Targeted metabolomic analysis identified significantly lower plasma levels of 3-IAA in high myopia patients, which correlated with reduced Akkermansia abundance. Animal experiments demonstrated that daily supplementation of 3-IAA could slow high myopia progression and maintain Type I collagen expression in the sclera.

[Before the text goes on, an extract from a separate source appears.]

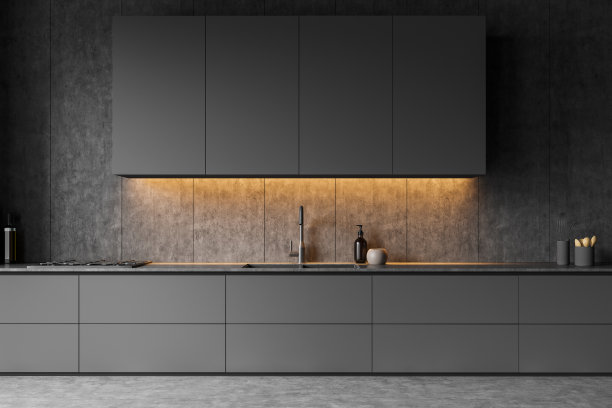 近距离观看黑暗的厨房室内与橱柜图片下载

Molecular Mechanism Exploration

Cell experiments confirmed that 3-IAA promotes the expression of the Type I collagen gene (COL1A1). Mechanistic studies revealed that 3-IAA enhances the binding of transcription factor SP1 to the COL1A1 promoter, activating its transcription. This regulatory pathway was independent of the aryl hydrocarbon receptor (AHR) signaling pathway.

Results and Conclusion

This study revealed that gut microbiota dysbiosis in high myopia patients leads to reduced plasma 3-IAA levels, which suppress Type I collagen expression in the sclera, accelerating myopia progression. Restoring gut microbiota or supplementing 3-IAA effectively alleviated this process. These findings highlight the gut-eye axis and provide new insights into the pathogenesis of high myopia.

Significance

The study is the first to demonstrate the pivotal role of gut microbiota and its metabolites in high myopia, proposing a novel therapeutic strategy: regulating gut microbiota or supplementing key metabolites like 3-IAA to intervene in myopia progression. This provides a new research direction and clinical foundation for high myopia prevention and treatment.

Highlights

  1. Innovative Discovery: Introduced the concept of the “gut-eye axis” in high myopia research.
  2. Comprehensive Validation: Combined patient data, animal models, and cellular experiments to validate the gut microbiota-myopia relationship.
  3. Mechanistic Insights: Revealed the molecular mechanism of 3-IAA-mediated regulation of Type I collagen.
  4. Clinical Potential: Proposed practical therapeutic strategies for high myopia intervention.

This research not only advances the understanding of high myopia pathogenesis but also serves as a paradigm for exploring the systemic effects of gut microbiota in other diseases.